Nabisco's coming innovation will focus on expanding its core trademarks. Already this year, the unit pushed Oreo to chocolate lovers with the introduction of a Chocolate Creme variety (expected to be a $100 million brand by the end of its first year). Buoyed by that success, it is tapping the premium segment with an indulgent line of chocolate-coated Oreos.
Mr. Polk said an entry early next year will mark "a whole new place for Oreo to live," although he wouldn't elaborate.
Nabisco's Chips Ahoy!, too, will move beyond this year's simple candy-filled and peanut-butter line extensions spurred by similar Chips Deluxe varieties from Keebler, to "breakout ideas" that better tap the cookie brand's potential, Mr. Polk said.
"Chips Ahoy! is a big brand that we haven't necessarily cracked the code on with innovation, and next year is our year to do that," he said. Chips Ahoy! had $400 million in sales in food, drug and mass merchandiser outlets for the 52 weeks ended Oct. 7, according to Information Resources Inc.
Advertising for Nabisco's cookie brands, which will be "up big" next year, according to Mr. Polk, is handled by Interpublic Group of Cos.' Foote, Cone & Belding Worldwide, New York. Crackers, including the ever-expanding Ritz franchise with varieties Ritz Bits S'mores Sandwiches and next year's Ritz Bits Peanut Butter and Fudge Sandwiches, are handled by WPP Group's J. Walter Thompson Worldwide, Chicago.
The cheese snack battle
Kraft will also lend its long-held brand equities to Nabisco brands to help them win competitive battles. One example is Nabisco's Cheese Nips, which plays distant second to Keebler's leading Cheez-It, with sales of $84 million in food, drug and mass channels for the 52 weeks ended Oct. 7 as compared with Cheez-It's $296 million, according to IRI. Cheese Nips packaging and new print ads now proclaim "Made with Real Kraft Cheese."
Kraft equities will also assist Nabisco in its battle against Keebler's in-store presence. That presence is strengthened by the iconic Keebler Elves and the Hollow Tree that collectively promote Keebler's individual brands, among them Chips Deluxe and Fudge Shoppe cookies and Town House and Club crackers. For back-to-school as well as for the coming holiday season, Kraft and Nabisco now partner for large-scale in-store promotions that span the wider portfolio. The combined effort "gives [Nabisco] much more visibility and leverage with the retailer," said Credit Suisse First Boston analyst Dave Nelson.
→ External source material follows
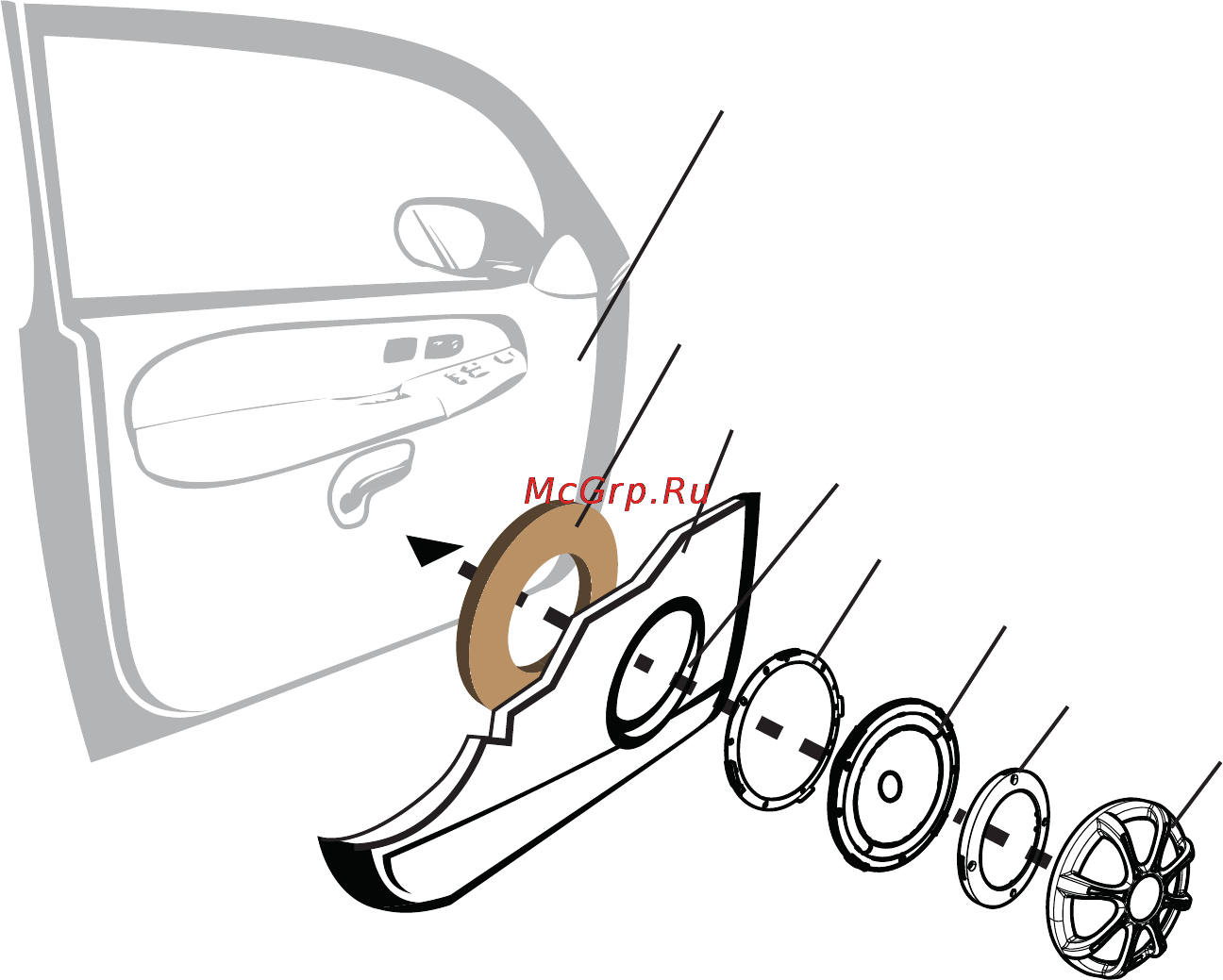 Kicker KSC410 [4/6] Рис 4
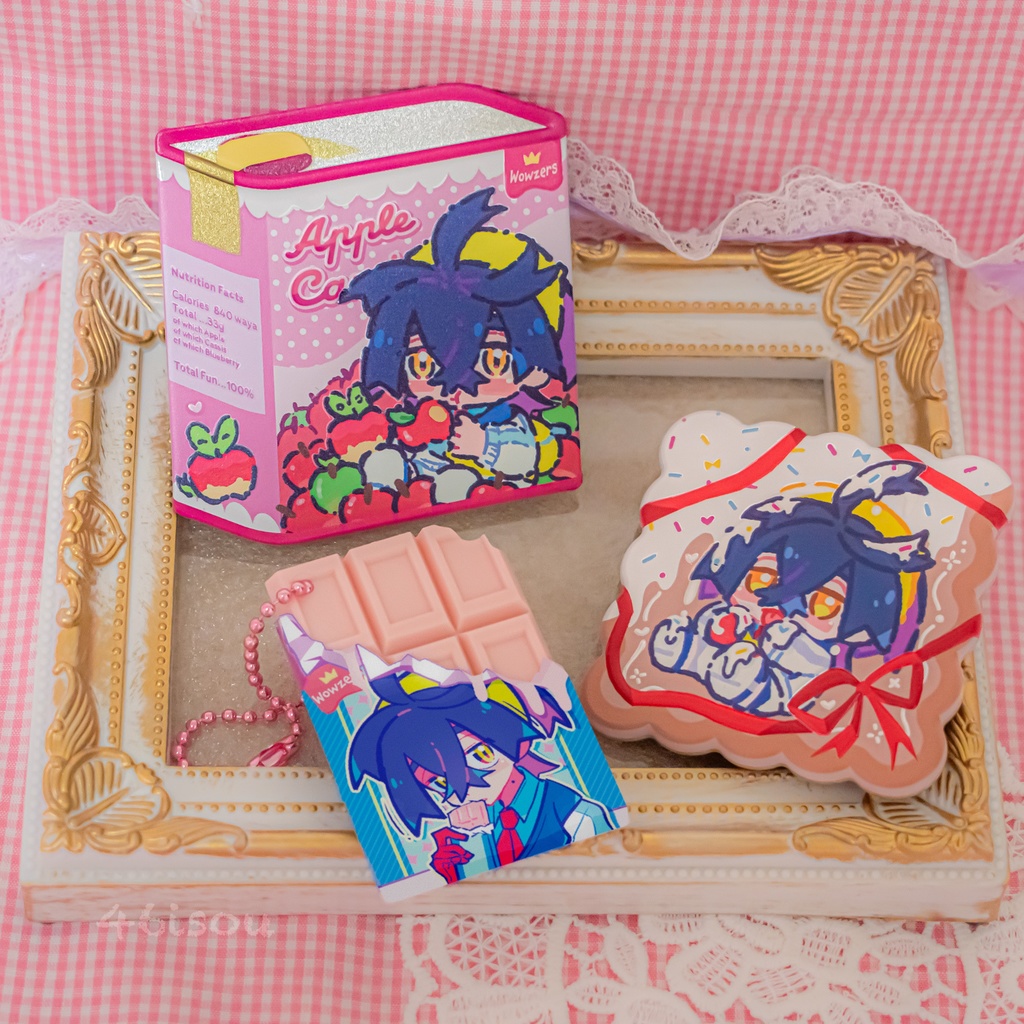 スグのお菓子セット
Both Nabisco and Keebler, whose ad agency is Bcom3 Group's Leo Burnett Worldwide, Chicago, are at work to grow their business in convenience stores and mom-and-pop shops, or what Mr. Polk refers to as "down-the-street snacking," with products and packaging relevant to those channels.
Battle for the car seat
"We're going to do more and more to win the battle for the car seat," Mr. Polk said. Nabisco has already introduced Mini Oreos and Mini Chips Ahoy! in stand-up resealable bags (which have a faster use-up rate than boxes, Mr. Polk said) and Ritz Bits sandwiches will now roll out in bags.
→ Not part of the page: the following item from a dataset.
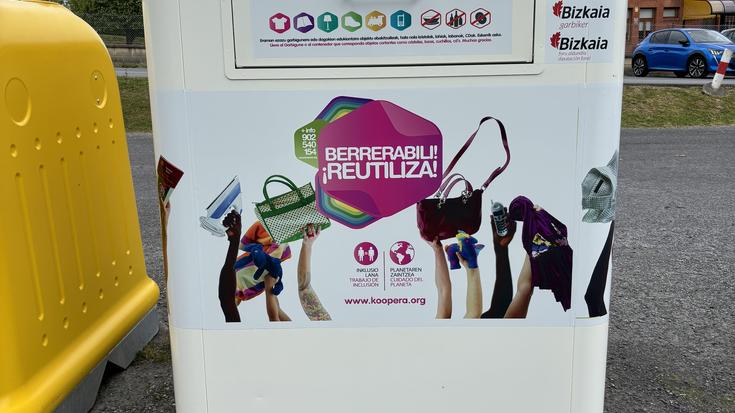 Berrerabilpenerako puntu berri bat du Barrikak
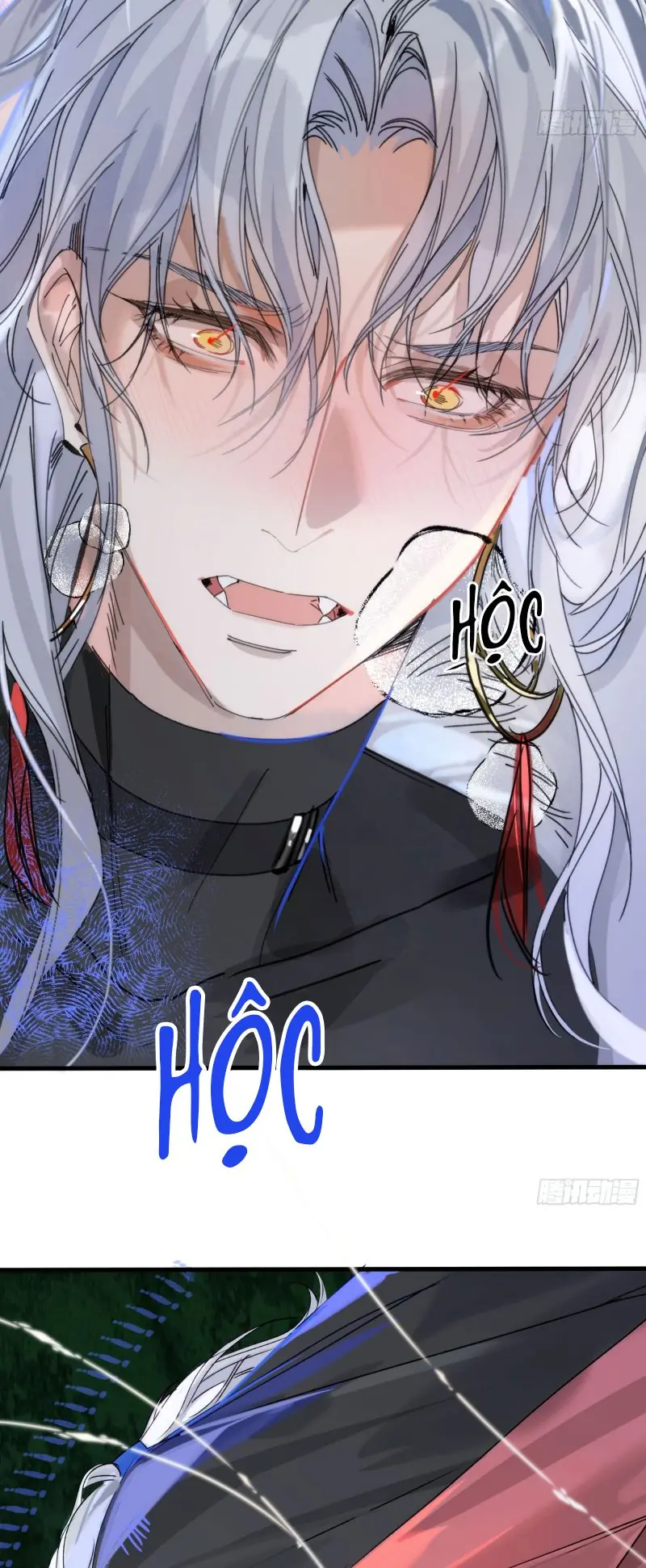 Đêm Cầu Nguyện Chapter 7 - Trang 22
Keebler has responded with its own mini versions of its core cookie brands, Chips Deluxe, Sandies and Fudge Shoppe, and new Mini Club Sandwich Crackers with Peanut Butter, similarly packaging them in resealable bags.
"We're building on our franchise, making it more contemporary and on-the-go so people can take it and throw it into a briefcase or the back of the minivan," Mr. Vermylen said.
While Keebler held back this year on new-product introductions as it integrated Kellogg's Nutri-Grain and Rice Krispies Treats brands into its direct-store delivery system, Mr. Vermylen said he plans to launch a host of "fresh ideas" in 2002 to help restore total cookie and cracker category growth, which slipped recently to a mere 2.5% from 1999 levels of as much as 5%.